Changes in Storage, Loss of Biodiversity and Global Instability
As the extremes become more extreme, the root forces that maintain equilibrium become less strong. Water storage changes with increased evaporation, decreased snowpack, over-extraction and flash flooding. These changes can lead to downstream decreases. As lakes, reservoirs, and rivers run dry - the Aral Sea, Lake Mead and Yangtze River included - our ability to provide running water and electricity becomes threatened. Dried out waterbeds can leave behind storms of toxic dust that decrease air quality and choke human health. At the same time, overnutrification of our soils leads to dangerous algal blooms and cyanobacteria. Warmer oceans that can absorb more carbon dioxide become more acidic and more hostile to delicate biological processes for life in the oceans. 70% of fisheries around the world have or are at-risk of collapse as water quality on land decreases with greater sedimentation and nutrients left behind by storm events and increased salinity of flood water on the coasts. Communities lose not just clean water, but the businesses, livelihoods, peace and security which water supplies typically secure.
Water is fundamental to all life, but exists in a precise balance in nature. When that balance has a GHG-shaped truck driven through it, you get massive problems, i.e. floods, droughts, sea level, ocean acidification, and loss of biodiversity. If we miss the fundamental role water plays we cannot understand the practical urgency of reducing greenhouse gas emissions and accelerating their removal. We will fundamentally fail to prepare for the consequences of the emissions already released and the inevitable emissions to come.

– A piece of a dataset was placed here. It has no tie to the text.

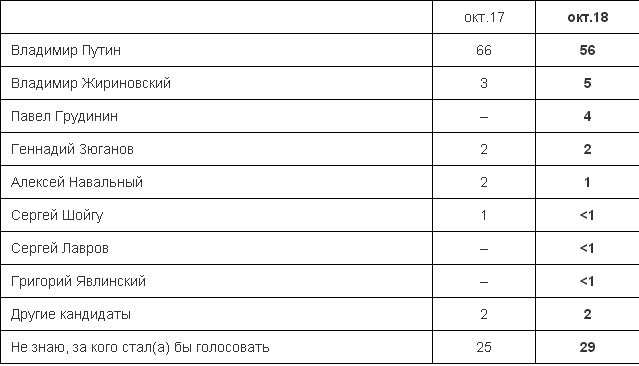 Рейтинг Путина среди россиян падает - Левада-центр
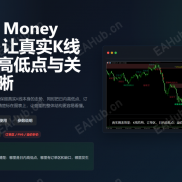 【精选Smart Money Concepts】聪明钱S M C-EAHub外汇论坛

93% of climate finance goes into climate mitigation leaving climate adaptation underfunded and often unacknowledged. VC-backed technology is certainly not the whole answer; we need heavy engineering, poured concrete, proven solutions at scale, etc. to handle the imminent and literal deluge of climate impacts. But we’re also not running anywhere near enough experiments to help us identify the new technologies and the emerging solutions that will help us cope in the wake of climate change. We founded BIV to be a small (and hopefully growing) part of the solution by investing in the people and the technologies that are best positioned to tackle the downstream effects of a double pendulum climate swing - water. We are fundamentally optimistic and are taking the opposite side of the Mad Max trade. If we’re right, it won’t be noisy steampunk water wars. But there is a lot of work to do between where we are now, and us being right.